Un parachutage qui divise
À quelques jours du premier tour des municipales, Menton, ville frontalière des Alpes-Maritimes, se retrouve au cœur d’un duel politique inattendu. Louis Sarkozy, 28 ans, fils de l’ancien président Nicolas Sarkozy, tente de conquérir la mairie avec le soutien d’une partie de la droite. Une candidature qui suscite des réactions contrastées parmi les habitants.
"J’assume parfaitement ne pas être né ici, mais au contraire peut-être d’autres candidats, j’y vis vraiment", déclare-t-il. Pourtant, son installation récente dans la commune – moins d’un an – et son absence d’ancrage politique local alimentent les critiques. "Est-ce qu’il connaît Menton comme ceux qui habitent ?", s’interroge une habitante, tandis qu’une autre nuance : "Parachuter, ça ne veut rien dire. Le tout, c’est de s’ancrer."
Un héritage politique assumé
Louis Sarkozy ne renie pas son nom, bien au contraire. "Moi, je suis du clan", affirme-t-il, évoquant ses désaccords avec son père tout en revendiquant son appartenance à la droite.

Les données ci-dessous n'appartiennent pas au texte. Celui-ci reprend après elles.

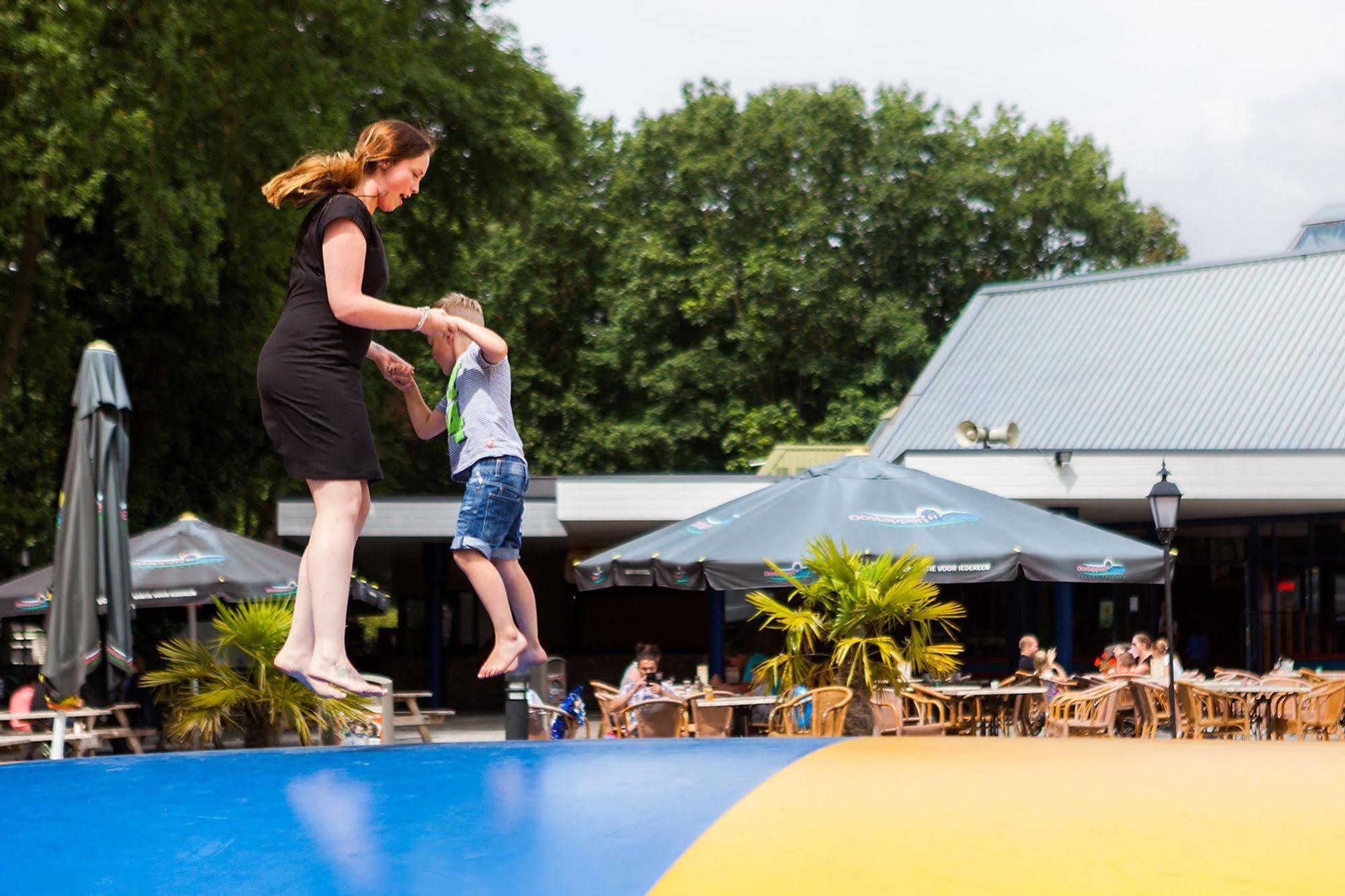 Oostappen Vakantiepark Hengelhoef Nv Aan de Wolfsberg エクステリア 写真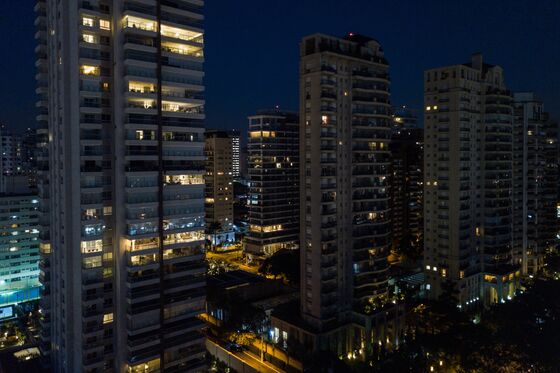 Sao Paulo Skyline Fills Up With New Towers as Real Estate Booms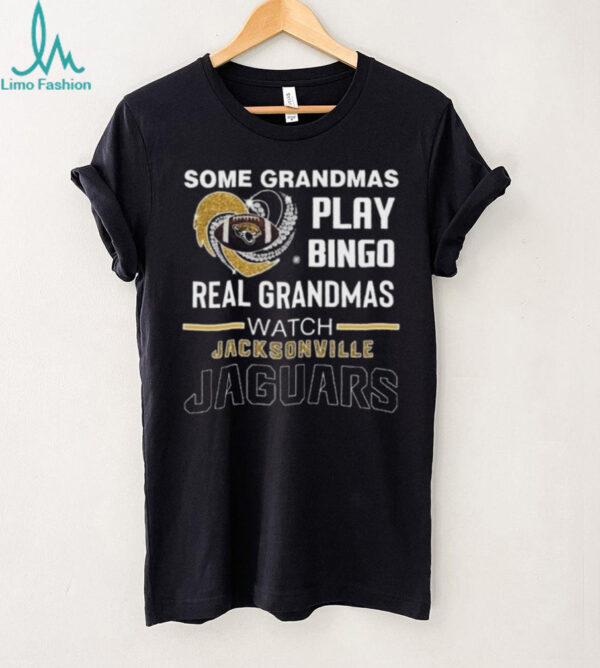 Some Grandmas Play Bingo Real Grandmas Watch Jackson Jaguars Diamond Heart 2025 T shirt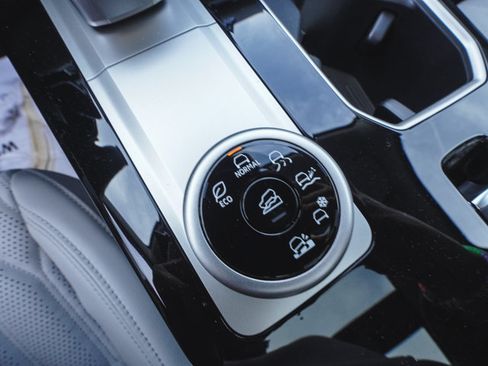 New 2026 Mitsubishi Outlander SEL AWD/4WD image 29
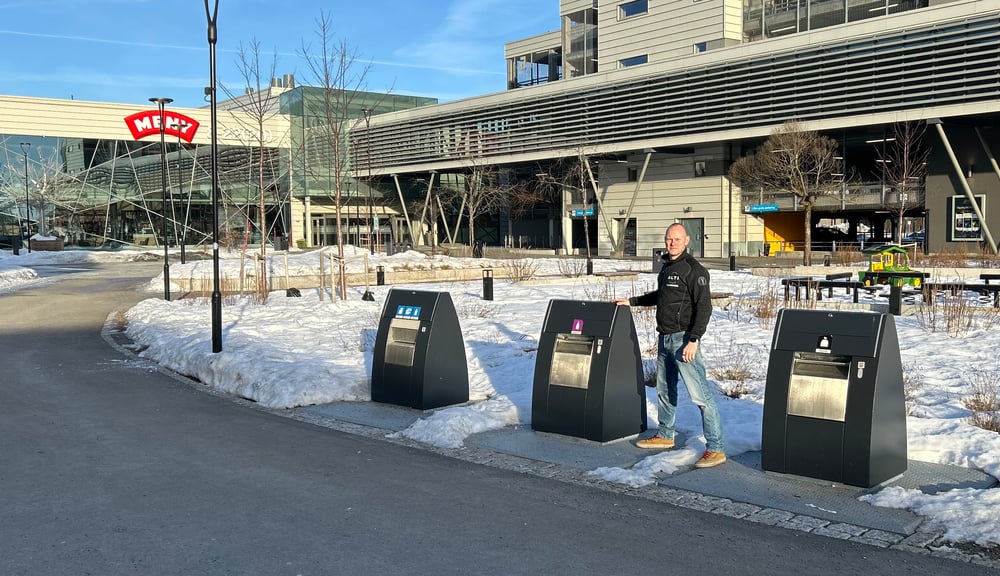 Driftsleder ved avfallsbeholdere utenfor ALTI Gulskogen kjøpesenter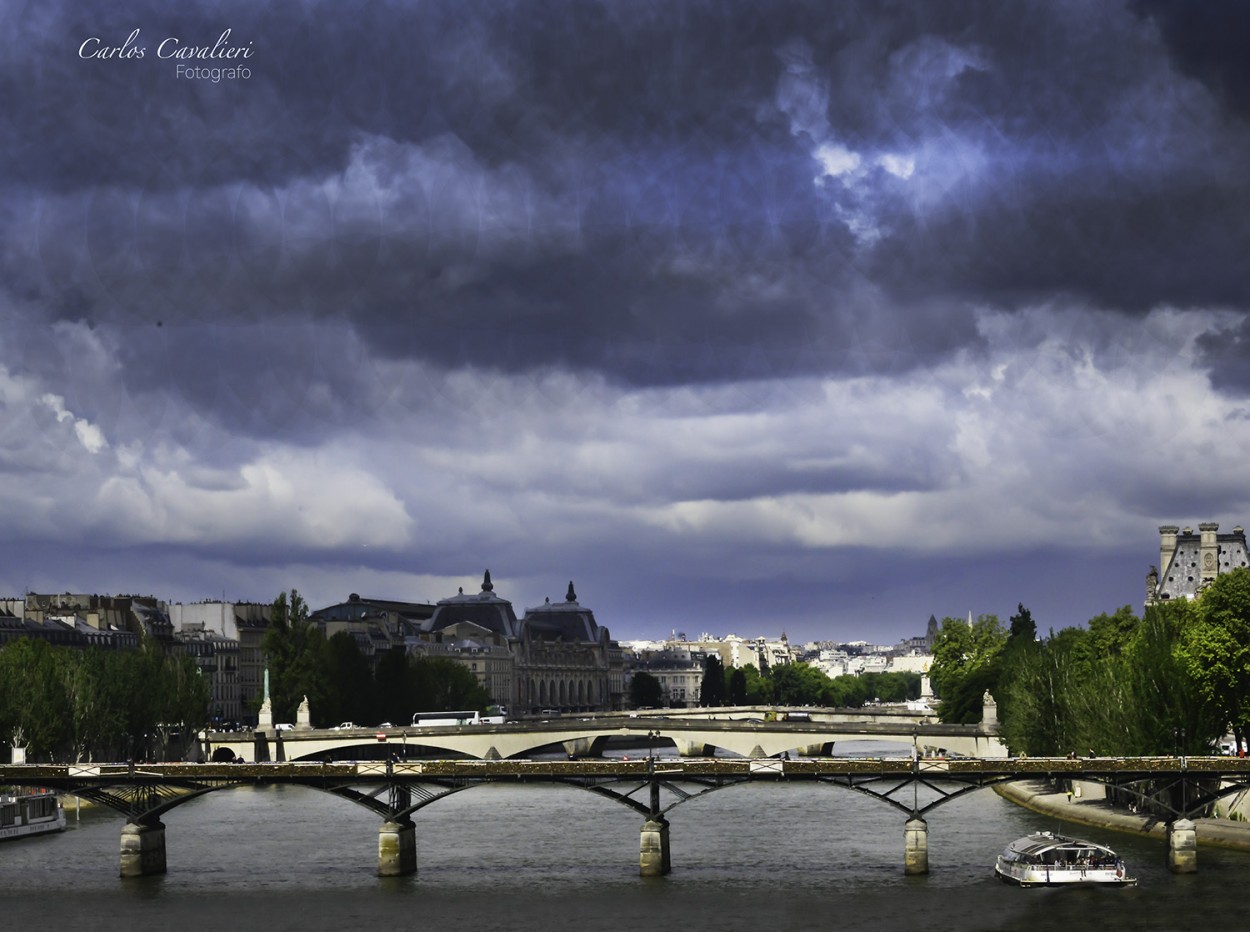 "`Bajo el cielo de Paris...`" de Carlos Cavalieri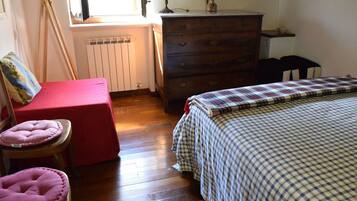 Bügeleisen/Bügelbrett, kostenloses WLAN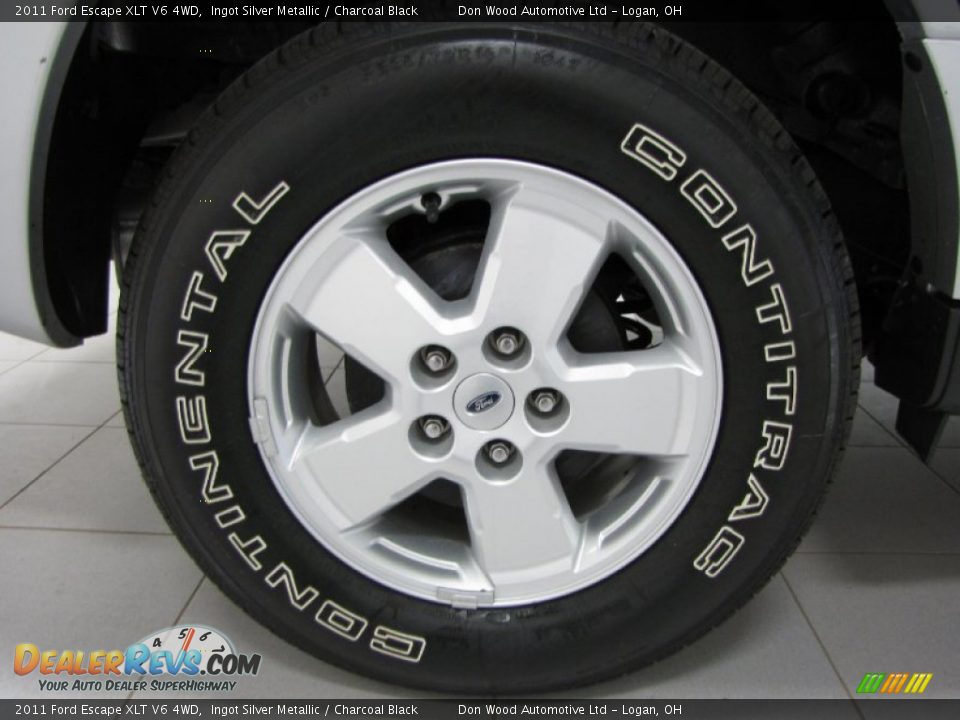 2011 Ford Escape XLT V6 4WD Ingot Silver Metallic / Charcoal Black Photo #23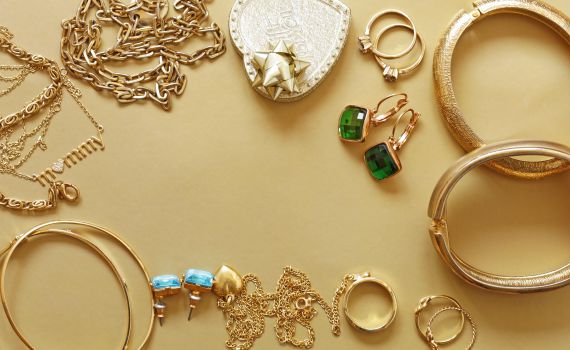 כתב אישום: שדדו באלימות תכשיטים בשווי 100,000 ש"ח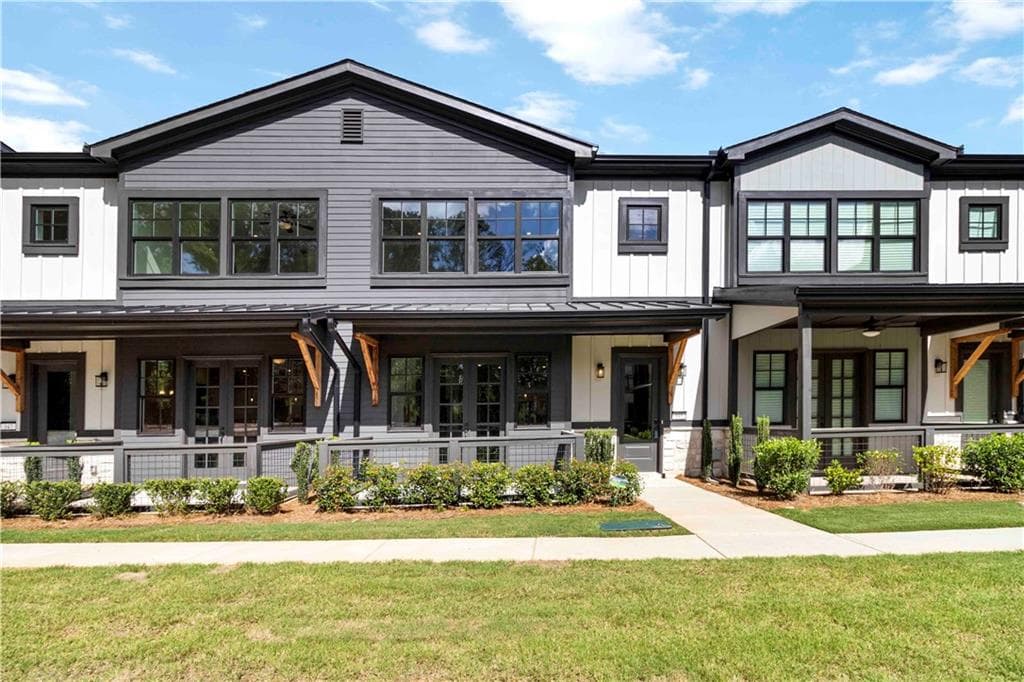 945 Willingham Drive 3, Hapeville, GA 30354 — most recent listing photo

Une stratégie qui pourrait séduire une partie de l’électorat, mais qui laisse sceptiques les observateurs. "Théoriquement, c’est un avantage d’être fils de, mais ce n’est pas toujours le cas", glisse un électeur.
Face à une candidate RN bien implantée
Alexandra Masson, candidate du Rassemblement National, part favorite dans cette ville où le parti d’extrême droite a déjà remporté des succès. Élue députée dès le premier tour dans la circonscription, elle joue la carte de l’ancrage local. "Je ne serai pas la candidate du folklore", assure-t-elle, refusant de nommer son adversaire. Un positionnement qui contraste avec l’image de "parachuté" collée à Louis Sarkozy.
Une droite divisée
La candidature de Louis Sarkozy a également provoqué des tensions au sein des Républicains. Une ancienne première adjointe à la mairie, soutenue par une partie du parti, a décidé de se présenter en dissidence. "Je ne cède pas aux pressions ni aux intimidations", affirme-t-elle, illustrant les divisions d’une droite en quête de renouvellement.
Un scrutin sous tension
Dans ce contexte, les municipales de Menton pourraient devenir un symbole des fractures de la droite française. Entre la stratégie de reconquête de Louis Sarkozy, l’ancrage local d’Alexandra Masson et les divisions internes des Républicains, le scrutin du 15 mars s’annonce comme un test pour les partis traditionnels face à la montée du RN.